Although it’s called The Essential Jacques Demy, this Criterion box set is missing one of the most interesting and well-known of his films, Model Shop, which is the only one Demy made in the US. Instead, the set focuses mostly on his musicals (or at least films with musical elements). Three are full-blown musicals, and the other three are not musicals per se but, especially in the case of Donkey Skin, the influence of musicals is all over them. The Umbrellas of Cherbourg and The Young Girls of Rochefort have always been well-known, but Demy’s ranking on the list of French new wave directors has definitely gone up in recent years. He was certainly one of the most consistent of that group—although it helps that he died quite young.

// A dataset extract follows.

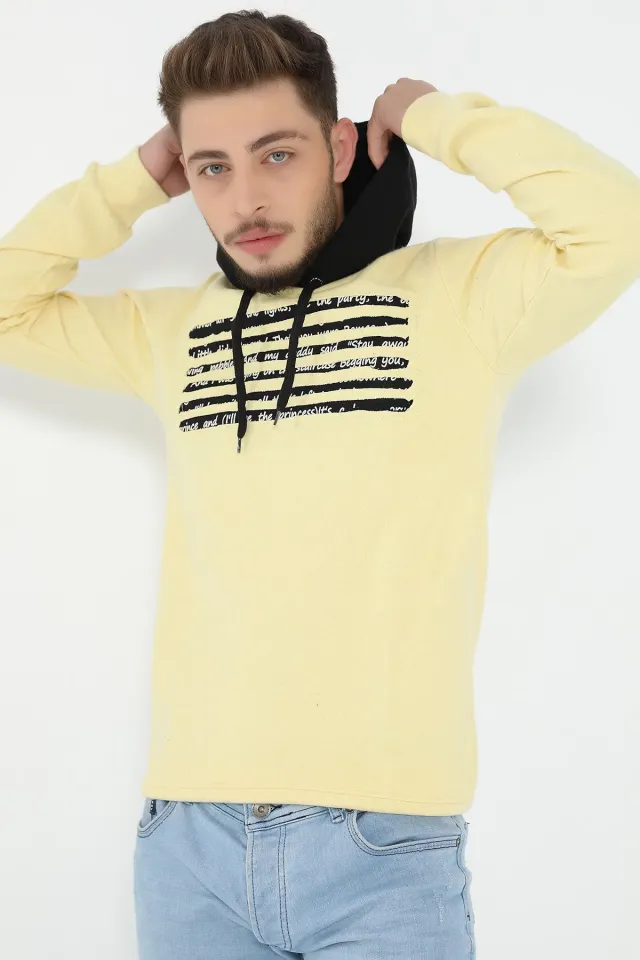 Kapüşonlu Ön Baskılı Uzun Kol Erkek Sweatshirt A.sarı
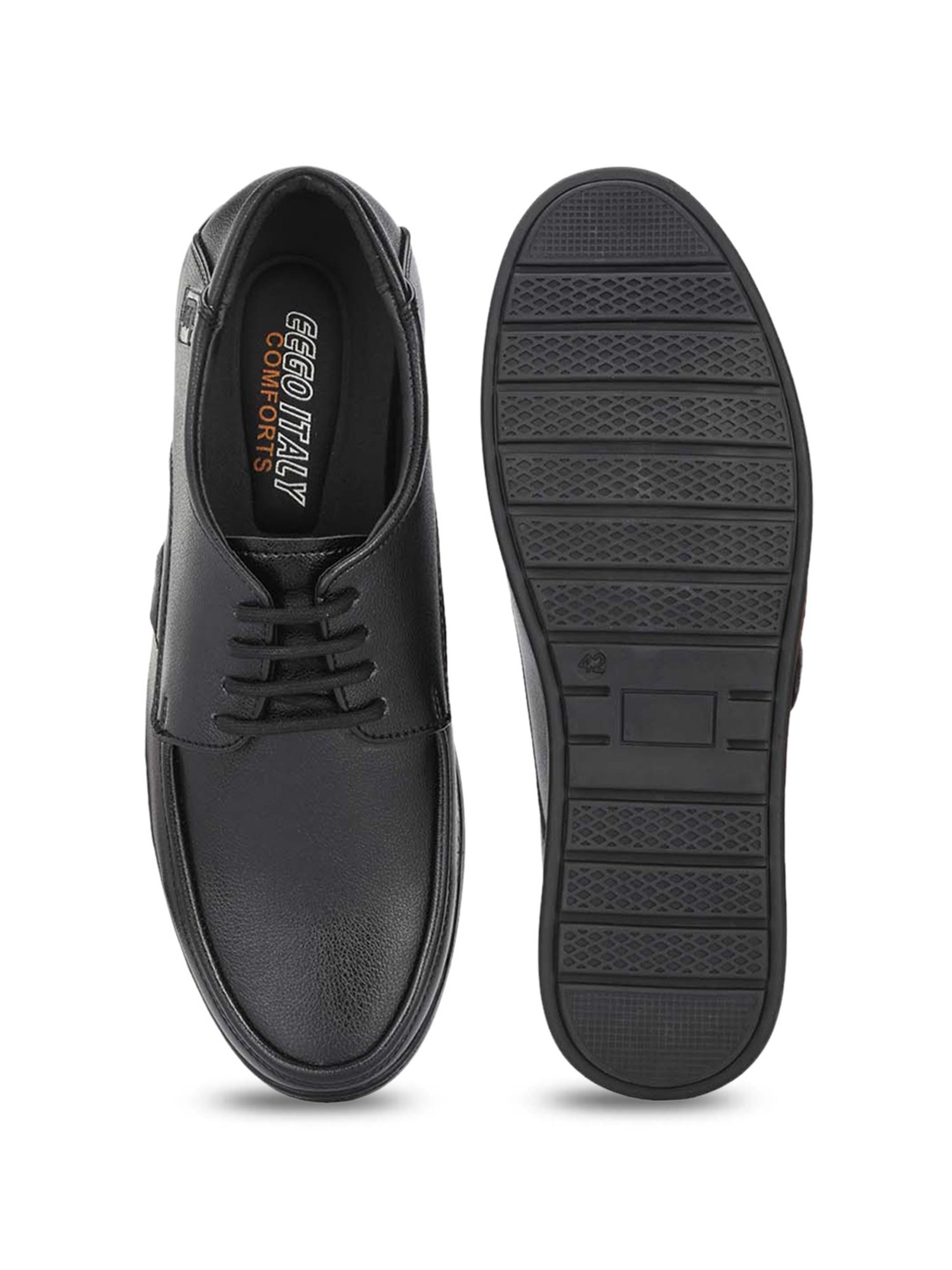 Eego Italy Men's Black Derby Shoes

Demy had an extraordinary talent for colour and a deep love of musicals as a genre, although his films are always a bit gloomy nonetheless. They are also almost all set on the coast.

The first film here is Lola, which owes a debt to The Blue Angel. A young man runs into his former girlfriend, Lola (Anouk Aimée), who is now a single mother and a cabaret dancer. He starts to fall back in love with her, but it doesn’t go completely to plan because other men are also vying for her heart. Demy always said it was “a musical without music.” Aimée, who is brilliant, appears again in Model Shop. Like Quentin Tarantino, Demy kind of made his own cinematic universe within his films: Model Shop is technically a sequel to Lola, although it doesn’t matter if you haven’t seen it.

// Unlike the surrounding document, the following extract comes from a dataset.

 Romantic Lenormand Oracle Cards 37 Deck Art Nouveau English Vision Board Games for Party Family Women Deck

Bay of Angels is the film that’s most untypical of Demy, as it’s one that you could imagine Godard or Truffaut doing. I‘m guessing that Demy wasn’t that comfortable making it. It’s a gloom-laden love affair between a young gambler (Jeanne Moreau) who’s been banned from almost everywhere and a bank clerk. It has kind of a happy ending but you’re not quite sure where it might go later. You don’t get a great sense of the world of gambling either, unlike Altman’s California Split, or Mississippi Grind. A lot of it is set in Nice, a coastal casino city. It’s short and pacy, and runs along quite quickly.

Kurt Vonnegut once said about The Umbrellas of Cherbourg: “I saw The Umbrellas of Cherbourg, which I took very hard. To an unmoored, middle-aged man like myself, it was heart-breaking. That’s all right. I like to have my heart broken.” It stars Catherine Deneuve, and what makes it especially interesting is that it’s a musical where every line of dialogue is sung, with no normal speech in between. It has great use of colour, used in a very unique way. Damien Chazelle, the director of La La Land, has said it’s his favourite film, and you can see its influence there. The plot is simple: boy meets girl, against the backdrop of the Algerian war. Although Demy’s films were not overtly political (his wife Agnès Varda’s certainly were) this does have a political tinge.

If you want to know more about The Young Girls of Rochefort, click here to my recent review.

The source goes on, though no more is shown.